O MPF, no entanto, acionou a Justiça por meio de uma Ação Civil Pública, porque considerou ilegal a aplicação dessa vedação à freira. Para os procuradores, o hábito não é um acessório estético, mas parte da identidade das Irmãs de Santa Marcelina e impedir seu uso seria uma violação da liberdade de culto. O MPF argumentou ainda que exigir a retirada do hábito seria como obrigar o aparo de barba ou bigode, o que afrontaria a “capacidade de autodeterminação das pessoas”.
O TRF-4 deu razão aos procuradores.
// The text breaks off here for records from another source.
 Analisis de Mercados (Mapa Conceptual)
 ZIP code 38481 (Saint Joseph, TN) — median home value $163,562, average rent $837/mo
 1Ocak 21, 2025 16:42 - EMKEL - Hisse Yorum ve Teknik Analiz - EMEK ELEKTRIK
No acórdão, os desembargadores decidiram que a resolução 192/2006 – uma norma infra legal – não poderia contrariar o artigo 5º, inciso VI da Constituição. “A garantia fundamental constitucional insculpida no artigo 5º, VI, da Carta da República não pode sofrer mitigação por norma infralegal, sob pena de manifesto enfraquecimento do sistema de proteção dos direitos fundamentais intergeracionais albergado pelas Constituições modernas”, escreveram os desembargadores.
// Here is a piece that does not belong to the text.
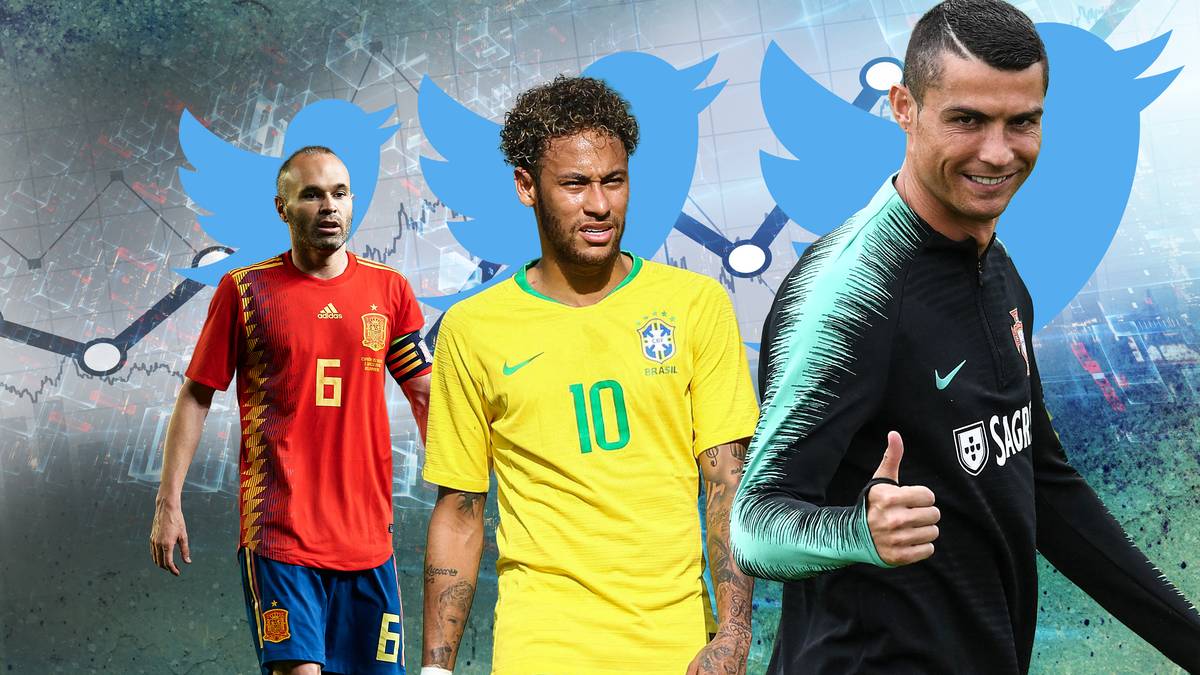 Es ist soweit: Die WM 2018 steht vor der Tür! Auch auf Twitter wird das Sportereignis des Jahres eines der wichtigsten Themen sein. Welche Fußballer erreichen dabei die meisten Fans? SPORT1 zeigt die Top 10 der Twitter-Stars (Stand: 1. Juni 2018)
A União recorreu da decisão alegando que ela desrespeitou o artigo 5º, inciso VIII da Constituição, que diz que “ninguém será privado de direitos por motivo de crença religiosa ou de convicção filosófica ou política, salvo se as invocar para eximir-se de obrigação legal a todos imposta e recusar-se a cumprir prestação alternativa, fixada em lei”. O recurso sustenta que a liberdade religiosa é limitada pelo inciso VIII e que, portanto, “não pode se sobrepor a uma obrigação comum a todos”.